- **About this task**:
All of the data should be output character for character, except the pictures.

- **Data**:
————————
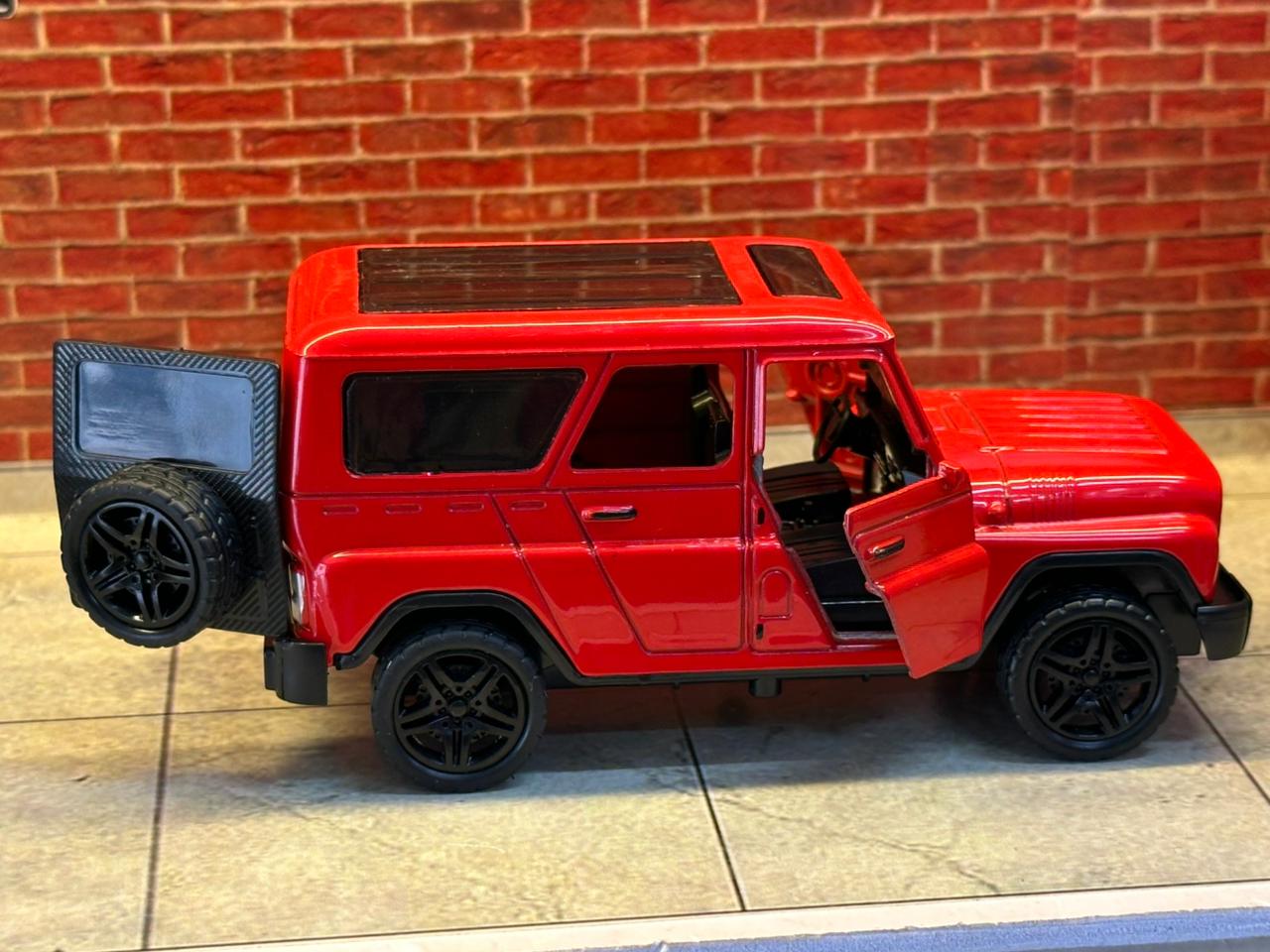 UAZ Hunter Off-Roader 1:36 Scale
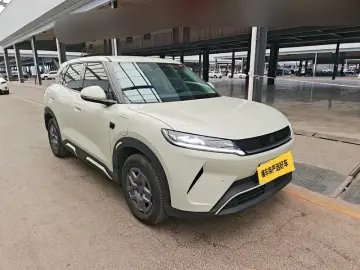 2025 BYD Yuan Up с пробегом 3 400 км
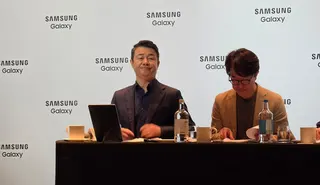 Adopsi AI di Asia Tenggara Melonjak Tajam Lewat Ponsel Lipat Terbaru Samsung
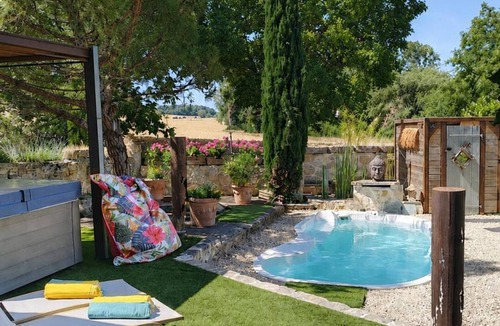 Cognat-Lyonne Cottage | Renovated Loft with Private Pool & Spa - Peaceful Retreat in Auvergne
————————
- **Written response**:
 UAZ Hunter Off-Roader 1:36 Scale
 2025 BYD Yuan Up с пробегом 3 400 км
 Adopsi AI di Asia Tenggara Melonjak Tajam Lewat Ponsel Lipat Terbaru Samsung
 Cognat-Lyonne Cottage | Renovated Loft with Private Pool & Spa - Peaceful Retreat in Auvergne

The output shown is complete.